De 1976 à 1996, la Compagnie générale des eaux se développe dans de nouveaux métiers sous la présidence de Guy Dejouany. Au début des années 1980, elle se diversifie en investissant dans la gestion des déchets, l'énergie, les transports, la construction et l'immobilier. Elle est alors spécialisée dans les délégations de services publics et les commandes des pouvoirs publics, proche des milieux politiques et dépendante des commandes de l'État et des collectivités territoriales.

En 1983, elle participe à la création de Canal+, la première chaîne de télévision payante en France. En 1989, elle prend le contrôle de la Société générale d'entreprises (SGE), elle commence à investir dans les télécommunications et les médias dans les années 1990 et, en 1996, elle crée Cegetel, une société de téléphonie fixe et mobile, possédant les marques Tam Tam (pager), Le 7 (fixe) et SFR (mobile). Elle entre dans le capital d'AOL Europe. Toutefois, au milieu des années 1990, la Générale des Eaux reste une société qui se concentre sur le marché français.

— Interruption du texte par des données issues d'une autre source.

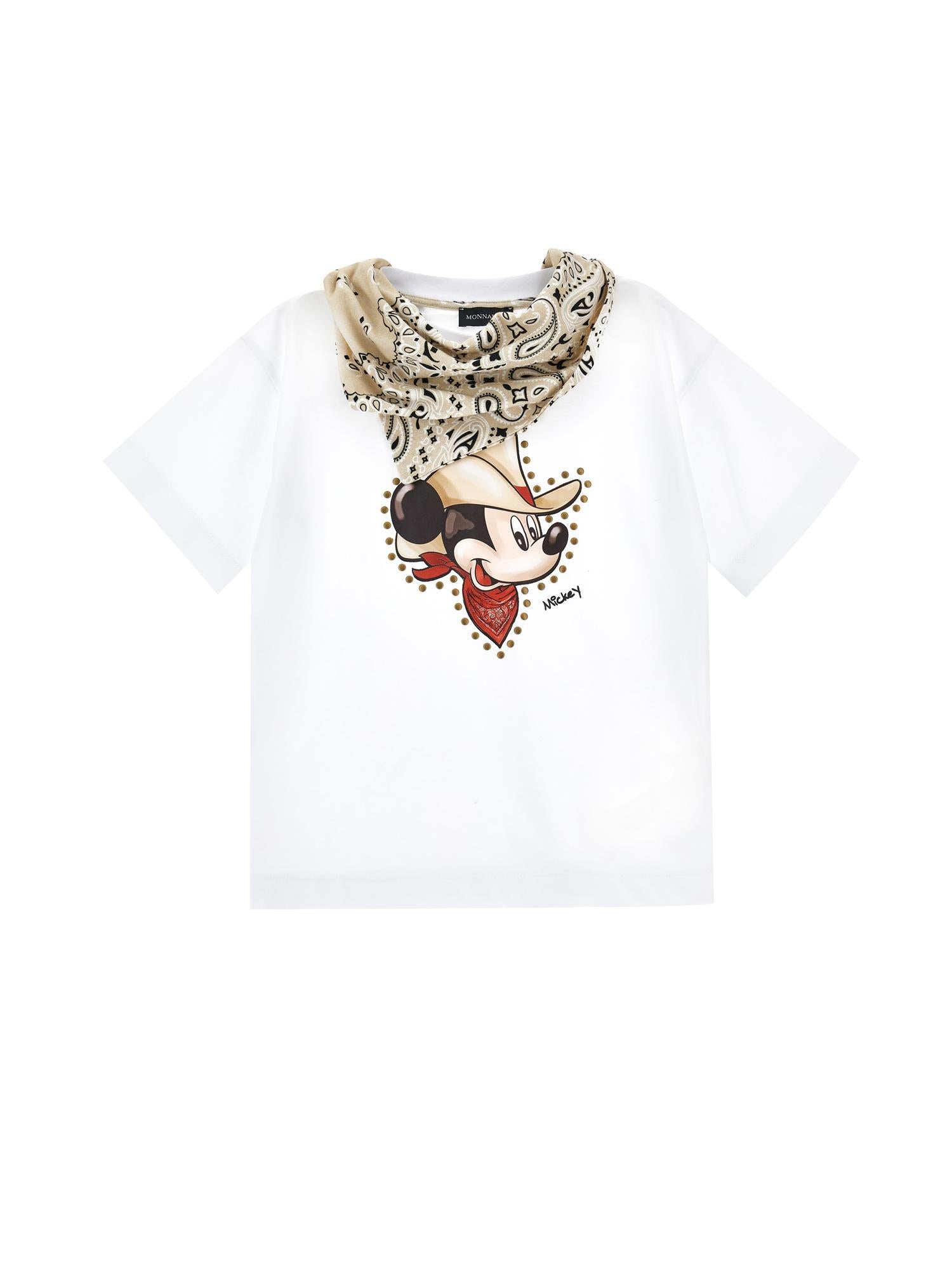 T-shirt jersey Mickey con bandana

En 1996, Guy Dejouany choisit comme successeur une personne extérieure au groupe : Jean-Marie Messier. Ce jeune associé de Lazard arrive à la tête de la Compagnie générale des eaux le 27 juin. La Générale des Eaux compte alors diverses activités, dont la plus importante est la distribution d’eau. Elle est également présente dans l'électricité, les télécommunications, le bâtiment, la propreté…

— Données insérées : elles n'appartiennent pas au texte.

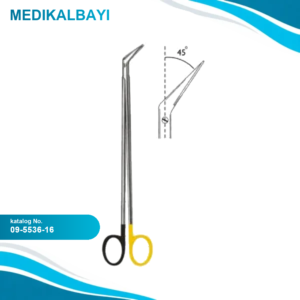 09.5536.16 DeBakey Vascular Makas 16cm 45ø, S/CUT, TC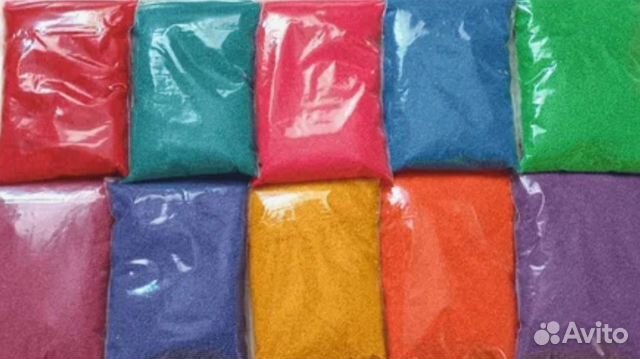 Кварцевый песок для рисования и творчества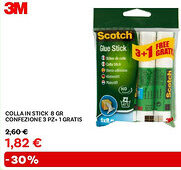 Max Factory 3m colla in stick 8 gr confezione 3 pz+1 gratis offerta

S'étant lui-même affublé du surnom J2M, le nouveau président décide d'investir, à un rythme effréné et sous le feu des projecteurs, dans les nouvelles technologies et les médias. Il est rebaptisé ensuite J6M pour « Jean-Marie Messier, Moi-Même, Maître du Monde », appellation attribuée selon lui par l’émission de Canal+, Les Guignols de l'info.

La marche forcée vers les médias

En 1997, Messier vend les cliniques de la Compagnie générale des eaux. En avril 1997, la CGE se rapproche d'Havas, lui aussi plus que centenaire, renforçant ainsi sa participation dans Canal+ et acquérant du même coup des actifs dans la publicité et les jeux vidéo.

En 1997, la Compagnie générale des eaux change son nom en Vivendi. Le groupe compte alors deux pôles d'activités, la communication et l'environnement :

le pôle communication dont les activités sont regroupées dans « Vivendi Communication », comprenant Cegetel, premier opérateur privé de télécommunications, Havas, avec ses pôles jeux vidéo, éditions et presse et le groupe Canal+ ;

le pôle environnement dont les activités sont regroupées dans « Vivendi Environnement », comprenant notamment la Générale des Eaux, le leader mondial de son secteur, Dalkia, dans l'énergie, CGIS et SGE avec CBC, pour le BTP.

Le désengagement des activités traditionnelles du groupe se poursuit : en 1997, Vivendi cède sa participation de 25 % dans JCDecaux. L'année suivante, il vend SGE, son pôle de construction, qui sera à l'origine de Vinci, et CGIS.